Data segment —
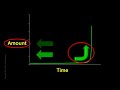Crash Course: Chapter 3 - Exponential Growth & Chapter 4 - The Power of Compounding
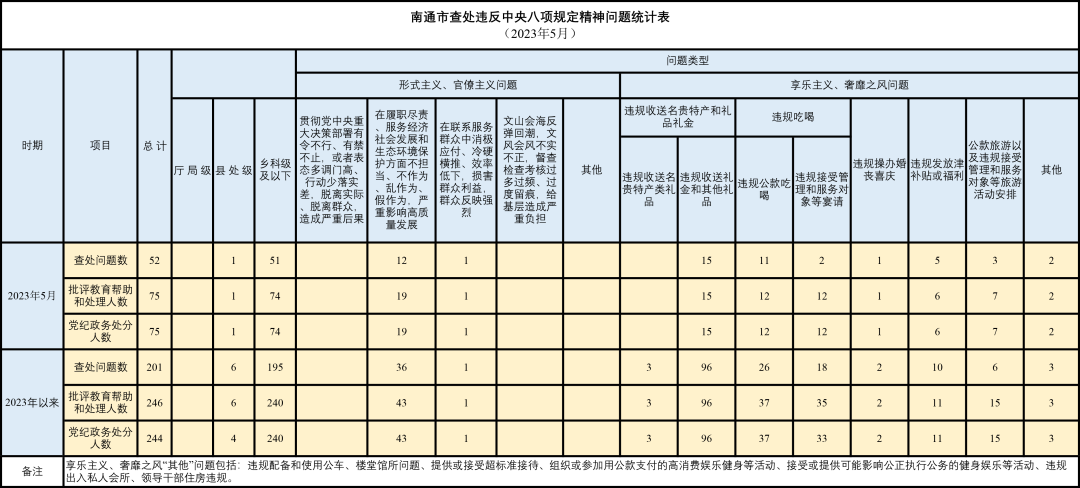 微信截图_20230726144458.png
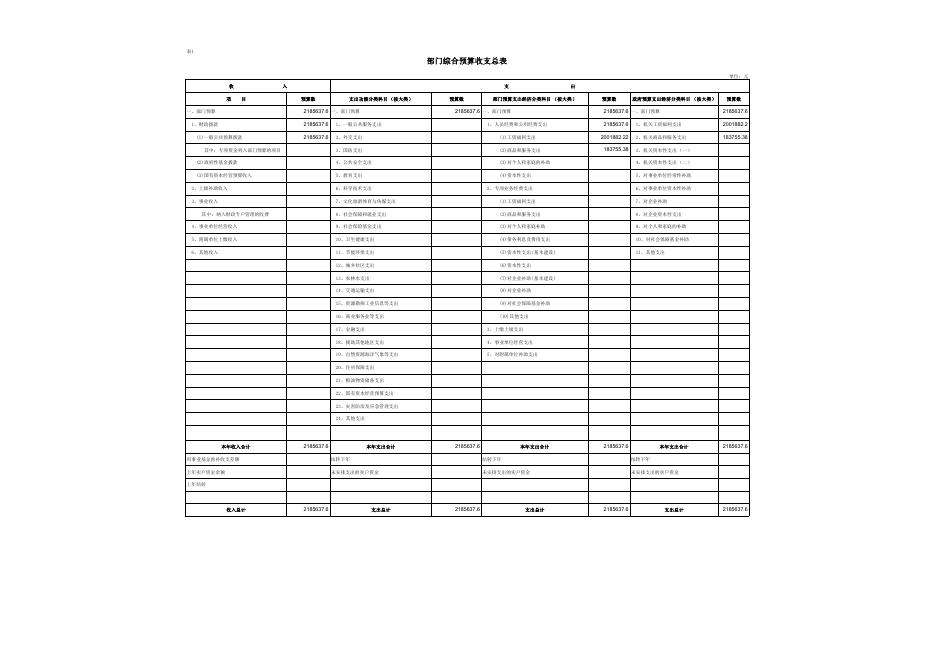 蓝田县基本医疗保险基金安全防控中心2023年单位预算公开报表.pdf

Task objective — Your job is to reproduce the material exactly. Keep pictures out of it.

Exercise result —
Crash Course: Chapter 3 - Exponential Growth & Chapter 4 - The Power of Compounding
 微信截图_20230726144458.png
 蓝田县基本医疗保险基金安全防控中心2023年单位预算公开报表.pdf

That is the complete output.